O Brasil enfrenta um cenário preocupante em relação à saúde mental dos jovens: cerca de 10% dos adolescentes sofrem com algum transtorno alimentar, como anorexia, bulimia ou compulsão. De acordo com a Organização Mundial da Saúde (OMS), o índice geral de brasileiros com essas condições é de 4,7%, quase o dobro da média mundial. Especialistas explicam que a anorexia envolve restrição extrema de comida e medo de engordar, enquanto a bulimia é marcada por episódios de descontrole ao comer, seguidos de métodos para “compensar”, como o uso de laxantes ou vômitos provocados. Já o transtorno de compulsão ocorre quando a pessoa come grandes quantidades sem controle, gerando profunda culpa e baixa autoestima.
O impacto das redes sociais e do ambiente
A construção da autoimagem na adolescência é influenciada por uma mistura de fatores biológicos, psicológicos e ambientais. Atualmente, as redes sociais exercem um papel de destaque nesse processo, muitas vezes através dos filtros que distorcem a realidade. Segundo psicólogas e nutricionistas, esse “bombardeio” visual pode levar o jovem a não se reconhecer no espelho, gerando ansiedade e isolamento social. Além da pressão cultural, dinâmicas familiares e traumas também podem servir de gatilho para que a comida passe a ser vista como uma vilã ou um refúgio emocional.

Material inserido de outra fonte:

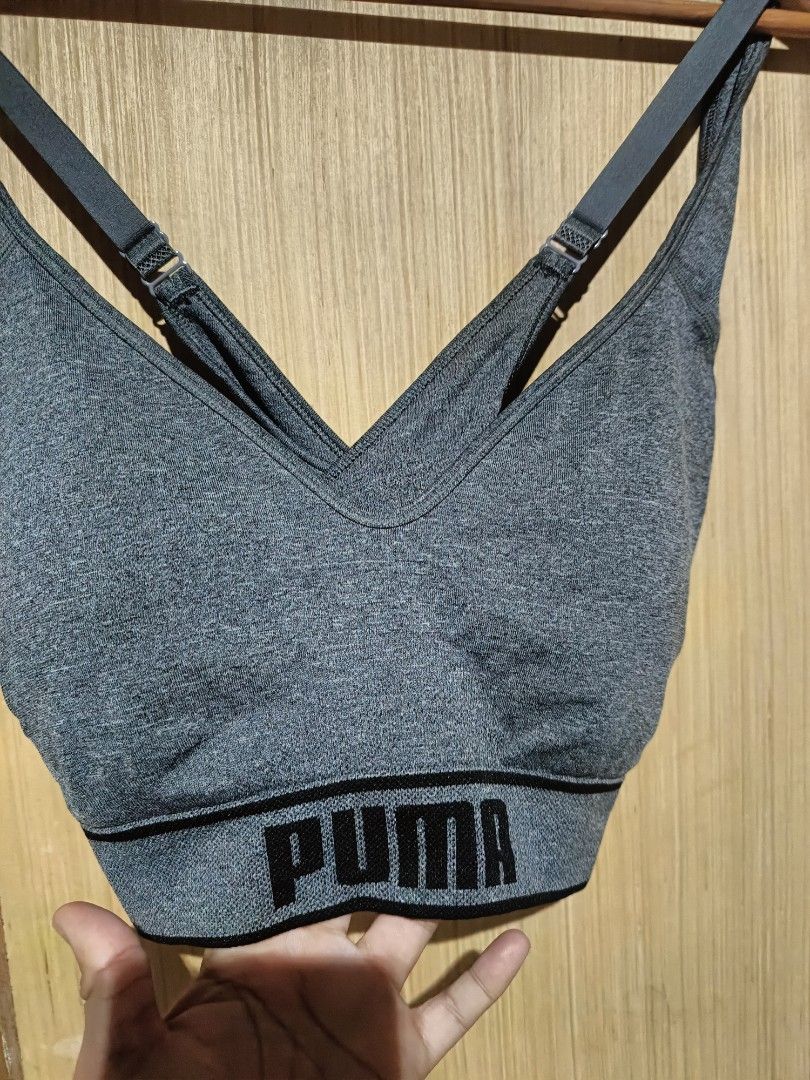 Puma Heather Grey Sports Bra (Category: Activewear) located in Angeles City. Submitted by faeyhang0223 (Listing ID 1466266901, Image 2). Description: Grey heather sports bra from Puma. V-neck style with adjustable criss-cross straps in the back. Black elastic underband featuring the bold Puma logo all around. Classic athletic piece, comfortable and supportive for workouts or daily wear. Good stretch material, clean finish, and neat stitching..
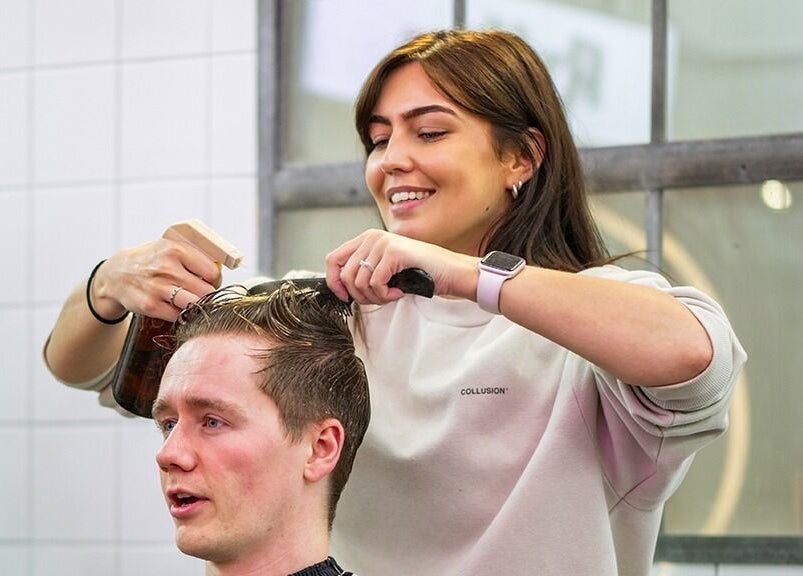 Hair stylist giving a haircut at Rythm Studio, Bristol, England, GB. Smiling professional creating stylish look.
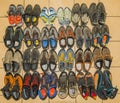 A collection of used mountaineering, approach and climbing shoes. View from above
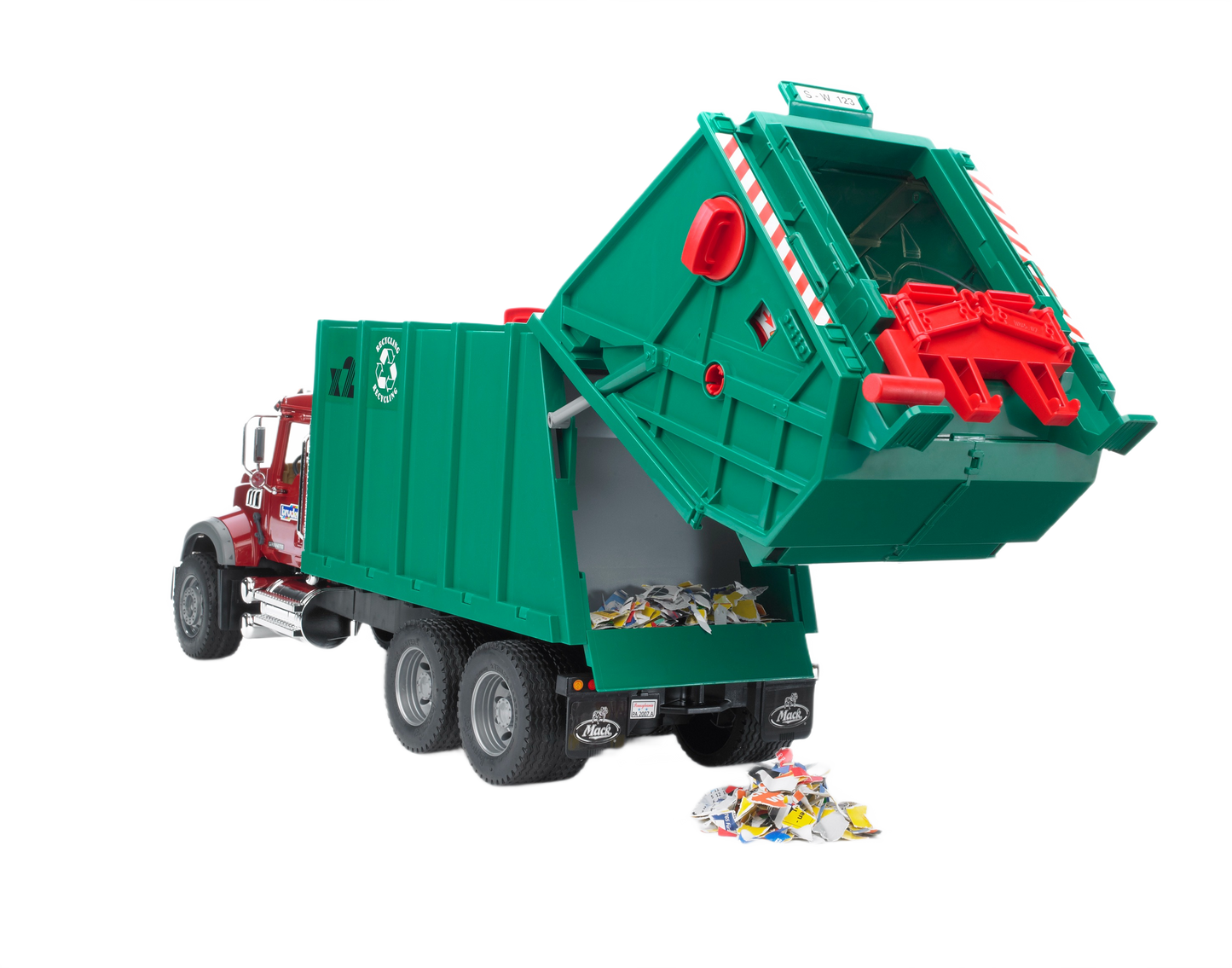 Red and green scale model Mack Granite garbage truck with tipping rear container and scattered toy trash in Bruder Toys collection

Como identificar e buscar ajuda
Pais e familiares devem estar atentos a mudanças bruscas no comportamento, como o jovem passar a evitar as refeições em família ou usar roupas largas para esconder o corpo. Alterações de humor, irritação e o afastamento de amigos também são sinais de alerta. O caminho para a recuperação passa por um diálogo aberto e sem julgamentos, evitando críticas à aparência do adolescente. Ao notar sinais persistentes, é fundamental buscar apoio profissional.